I think, other than a few pictographs, that nearly all kanji are derived from Han characters that were originally phono-semantic compounds. In a typical example, there’s a component (generally on the right or top) that (roughly) represents the pronunciation of a word, in a similar way to loangraphs above. Then, for disambiguation purposes, there’s another compound that represent the meaning of the characters, typically on the left or bottom. Since Chinese is read top to bottom and then right to left, I think of this as saying the reading first and then meaning in parentheses. This process can be repeated several times, as compounds can be nested within other compounds.

006-04-01

When I first found this out, it kind of blew my mind. It helps to contextualize some of the seemingly unpredictable combinations of characters that you see in kanji. In Japanese, phono-semantic compounds are called 形声文字, which is the perfect way to describe it. But there are two reasons why this doesn’t solve all our problems in life forever:

  1. Remember what I said before about language being organic and evolving. Phonetics can shift over time, and what once made perfect sense as a phono-semantic compound now may just seem confusing as characters lose their original pronunciations.
  2. Japanese isn’t even Chinese (perhaps this is the main issue we Japanese learners have to face in our daily lives). Japanese is a bit like English, a horrific Frankenstein of a language, but then again, all languages are a bit like that. Before they started using kanji to write these words down, Japanese people already had a whole indigenous language. But also, there are plenty of words in Japanese that are cognates with Chinese, with extremely similar readings. This makes kanji, in theory, extremely hard to read, but in practice of course millions of children have done it and it’s really not that difficult. Often, these readings will be described as kunyomi (from the indigenous Japanese) and onyomi (Chinese origin), and a kanji can take on multiple readings of both types in its everyday life.

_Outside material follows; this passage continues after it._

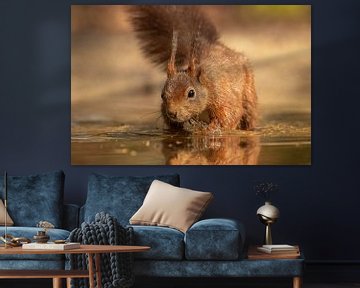 Squirrel splashing in water by KB Design & Photography (Karen Brouwer)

I think when it comes to language, it is not a good idea to try to “solve” it like a puzzle, but rather to understand the general principles that explain how things came to be while also understanding that they are only merely principles. Language will always be broken, misshapen, and irregular, but it’s the exceptions, not the rules, that make it so interesting (this is why I don’t give a fuck about conlangs, by the way).

It’s mildly useful to know about the concept of phono-semantic compounds, because you can still sometimes guess at a kanji’s meaning using components on the left (or the bottom, etc). But you still have to learn the damn kanji.

However, this somewhat eased my mind about the mnemonics method. If, originally, these characters were meant to indicate a meaning and a reading, and if the reading is now lost and can no longer help us disambiguate that meaning, then it’s not so crazy to come up with a story to connect the components together in a way that makes the meaning stick. It’s not my fault that I have to take a shortcut through the world of platonic forms, it’s kanji’s fault! And anyway, this stuff will all melt into the network of my unconscious mind at some point, so I guess it doesn’t really matter in the end.

Ain’t no fun if onyomi don’t get some

I will say, one upside of learning all this stuff about kanji is it made me care a bit more about onyomi and kunyomi in a way I didn’t before. I don’t think it’s worth drilling them, let alone trying to remember which kinds of readings are which, but it can help strengthen one’s intuition for sight-reading new vocabulary.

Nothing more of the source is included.